After first defeating the hated Yankees, then going on to take the Houston Astros and win the American League pennant, the Boston Red Sox enter the 2018 World Series tonight against the Los Angeles Dodgers on a quest for their fourth championship of the 21st century. Not a Sox fan? Don’t sweat it. We’ve got you covered with nine things you should know to sound smart before the first pitch of game 1 (at 8:09 pm on Fox):
1. Winningest team in franchise history
The Red Sox claimed a whopping 108 wins this season to break a 106-year-old franchise record, set in 1912, when Boston defeated the New York Giants (now the San Francisco Giants) to claim the club’s second World Series title. The 108 wins ties the 1970 Baltimore Orioles, 1975 Cincinnati Reds, and the 1986 New York Mets for the ninth most wins in league history. Each of those teams won the World Series.
2. 100-win teams in the World Series haven’t been so hot recently
OK, Sox fans. This is bad. Since 2000, 22 teams have won at least 100 games. But besides the 2009 Yankees, the 2016 Chicago Cubs, and the 2017 Houston Astros, 18 of them couldn’t manage a World Series win.
But wait, this is good. Prior to last Thursday, the Red Sox latest American League pennant wins came in 2004, 2007, and 2013. The end results for those three teams? Three World Series titles.
3. The biggest Red Sox hero in the World Series is…a Dodger?
Dave Roberts is the manager of the Dodgers. And if you have only one bit of trivia about the Boston Red Sox, know this one: Roberts is the biggest reason the 2004 team ended the 86-year Curse of the Bambino championship drought.

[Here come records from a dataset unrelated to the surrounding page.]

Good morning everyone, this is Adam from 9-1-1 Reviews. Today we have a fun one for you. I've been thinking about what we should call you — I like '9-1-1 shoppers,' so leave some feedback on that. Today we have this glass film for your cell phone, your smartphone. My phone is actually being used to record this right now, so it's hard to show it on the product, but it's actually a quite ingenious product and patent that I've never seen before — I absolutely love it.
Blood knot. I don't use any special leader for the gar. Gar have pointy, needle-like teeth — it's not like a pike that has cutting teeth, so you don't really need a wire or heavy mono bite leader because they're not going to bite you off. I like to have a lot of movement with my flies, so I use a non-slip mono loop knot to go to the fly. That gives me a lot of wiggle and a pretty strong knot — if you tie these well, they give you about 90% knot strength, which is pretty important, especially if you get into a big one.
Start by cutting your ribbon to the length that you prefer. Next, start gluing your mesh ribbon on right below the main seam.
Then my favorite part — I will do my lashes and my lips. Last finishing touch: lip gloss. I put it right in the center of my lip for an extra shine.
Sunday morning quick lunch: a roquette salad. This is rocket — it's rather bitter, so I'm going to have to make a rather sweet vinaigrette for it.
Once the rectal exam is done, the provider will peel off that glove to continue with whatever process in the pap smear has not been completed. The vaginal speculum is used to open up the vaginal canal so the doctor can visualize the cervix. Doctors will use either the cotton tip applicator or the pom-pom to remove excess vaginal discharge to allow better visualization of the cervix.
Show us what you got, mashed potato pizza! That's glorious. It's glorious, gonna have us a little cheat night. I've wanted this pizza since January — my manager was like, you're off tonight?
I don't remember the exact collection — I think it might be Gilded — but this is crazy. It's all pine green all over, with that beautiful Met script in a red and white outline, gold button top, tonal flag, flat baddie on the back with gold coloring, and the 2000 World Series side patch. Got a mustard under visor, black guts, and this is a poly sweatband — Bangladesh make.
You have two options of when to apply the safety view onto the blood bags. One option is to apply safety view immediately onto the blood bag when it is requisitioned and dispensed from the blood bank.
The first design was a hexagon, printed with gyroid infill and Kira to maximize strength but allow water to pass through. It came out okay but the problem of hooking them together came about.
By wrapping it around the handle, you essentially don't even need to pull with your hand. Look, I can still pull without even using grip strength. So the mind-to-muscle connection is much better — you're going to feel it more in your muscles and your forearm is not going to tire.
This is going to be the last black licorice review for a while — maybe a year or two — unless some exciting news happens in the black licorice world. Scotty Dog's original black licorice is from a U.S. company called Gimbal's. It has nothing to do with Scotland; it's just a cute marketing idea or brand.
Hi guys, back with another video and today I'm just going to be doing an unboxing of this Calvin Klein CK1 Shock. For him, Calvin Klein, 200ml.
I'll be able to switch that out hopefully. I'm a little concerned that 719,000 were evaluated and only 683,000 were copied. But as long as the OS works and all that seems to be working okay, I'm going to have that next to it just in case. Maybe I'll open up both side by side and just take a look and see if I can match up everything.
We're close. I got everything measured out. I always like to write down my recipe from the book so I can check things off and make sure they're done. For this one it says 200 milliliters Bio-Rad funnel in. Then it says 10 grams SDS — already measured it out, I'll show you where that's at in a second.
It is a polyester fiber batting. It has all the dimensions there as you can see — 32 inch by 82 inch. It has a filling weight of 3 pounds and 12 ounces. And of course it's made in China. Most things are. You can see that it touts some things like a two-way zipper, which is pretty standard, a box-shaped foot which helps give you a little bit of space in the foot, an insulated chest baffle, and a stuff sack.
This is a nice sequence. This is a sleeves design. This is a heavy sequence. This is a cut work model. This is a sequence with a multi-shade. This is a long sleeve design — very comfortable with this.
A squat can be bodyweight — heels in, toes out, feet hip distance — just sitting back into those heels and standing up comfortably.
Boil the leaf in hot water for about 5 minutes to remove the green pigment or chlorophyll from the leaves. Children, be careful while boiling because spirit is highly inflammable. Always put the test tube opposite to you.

The Sox were trailing the dreaded Yankees in the American League Championship Series three games to none that year. It was the ninth inning of game 4, the Sox were trailing 4-3, and the best reliever in baseball history, Mariano Rivera, was pitching for the Yankees. The season looked all but over. Then Kevin Millar got on base with a walk, and the rest is history. The speedy Roberts came in to pinch run. He stole second base, safe by barely the length of a fingernail. Bill Mueller singled to drive in Roberts and tie the game 4-4. And David “Big Papi” Ortiz (Hon.’17) hit a home run to win the game.
The Sox never lost again. They beat the Yankees three more times to win the pennant. And then swept the Cardinals to win the World Series. That second base steal is why Dave Roberts will never have to buy a beer in Boston again (yes, even this year).
4. Alex Cora: A rookie at the helm
Boston manager Alex Cora, who celebrated his 43rd birthday with the AL pennant win last Thursday, could become the first rookie manager since Bob Brenly in 2001 to win the World Series.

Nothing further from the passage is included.